From research showing that adults in an Amazon village had about equal competence to Harvard students at basic geometry, Elizabeth Spelke drew a striking lesson.
"Amazonian adults look like Harvard students, not like kids," Spelke, a professor of psychology, told a packed room at the Barker Center Thursday night. "We learned that knowledge of Euclidian geometry can develop in the absence of schooling."
The surprising results from the study of Brazil's Munduruku show that formal learning is not needed to develop navigational skills, said Spelke, director of the Laboratory for Developmental Studies.
Spelke, whose lab is renowned for research into the development of language and other bedrock cognitive skills, focused in her talk on research into how animals and humans place themselves and navigate. The experiments involve spinning research subjects—whether humans or lab rats—until they lose their bearings, and studying how they reorient themselves in a spartan room.
Infants and toddlers are adept at using geometric clues to orient themselves in three-dimensional space to find a hidden toy, but less so if their bearings have been disturbed. Lab rats had the same problem, and were unable to process complex decisions or to integrate more than one element. Somewhere along the development continuum, humans, whether at Harvard or in a village along the Amazon, develop the ability to integrate a second distinguishing characteristic—such as a wall painted a different color—to get their bearings. The function of navigation is innate to humans.
The frontier is in understanding how it develops.
"How does it become natural to us?" she asked.
Spelke found no differences in navigational skills based on gender.

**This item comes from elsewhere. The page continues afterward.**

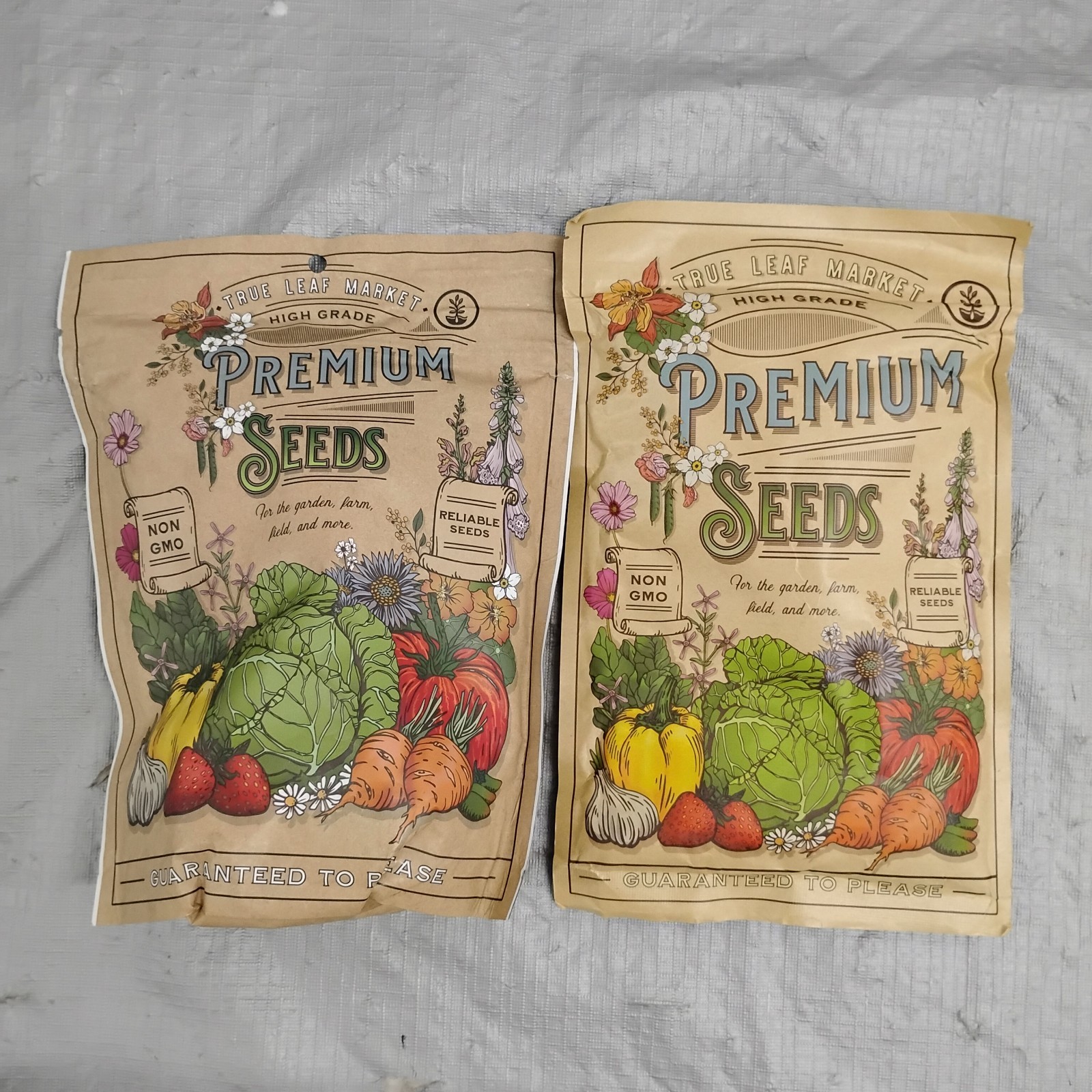 true leaf Seeds Microgreens Alfalfa Sprouts, Dun Peas Total3.5Lbs Test 2021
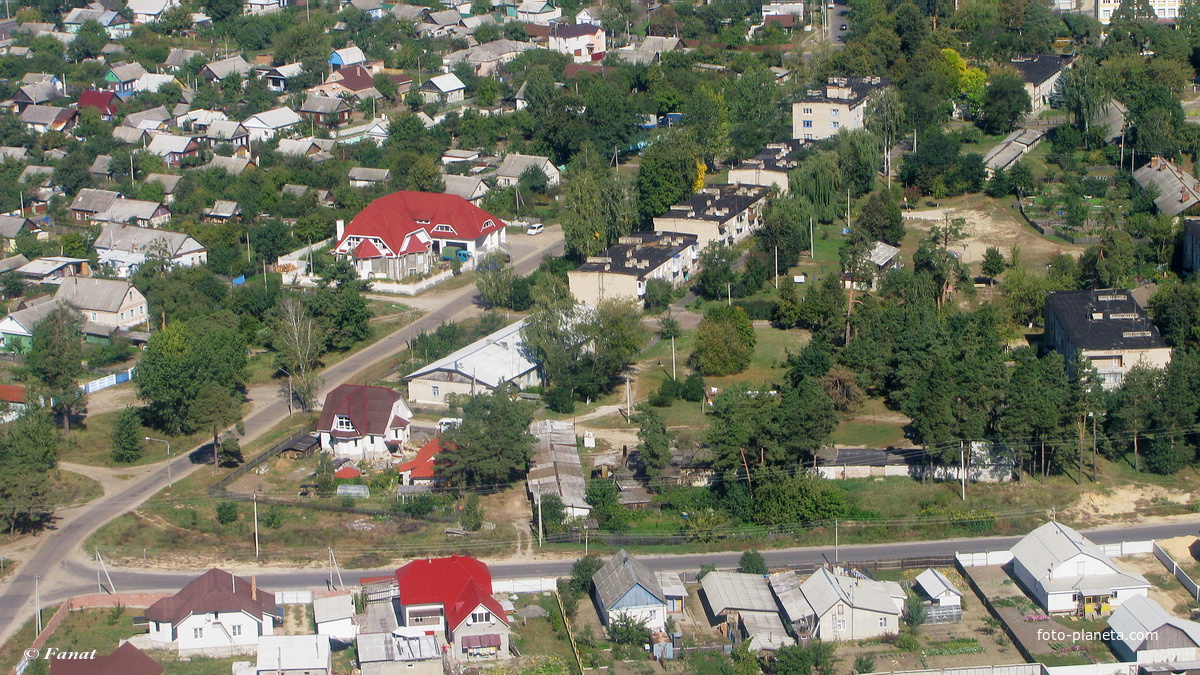 Улица Пионерская и  военный городок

"There are no sex differences," she said. "People are really good at this. It's something we do without being aware of it."
But with more dependence on computers and robots, our abilities might be at risk, she said, seizing on an audience member's question about the effects of technology, such as smartphones, on child development.
"I am worried we're all going to be using GPSes all the time," Spelke said. "The Mundurukus are better than Harvard students because they have to keep navigating all the time."
Drivers in modern societies rely heavily on GPS navigation. Looking at a map is almost old-fashioned.
"I'm worried it will cause our systems to atrophy," Spelke said.
"We're doing this enormous experiment on ourselves and our children and grandchildren," she said. "Innate systems disappear if you don't use them. It's a real question of what's going to happen with all this."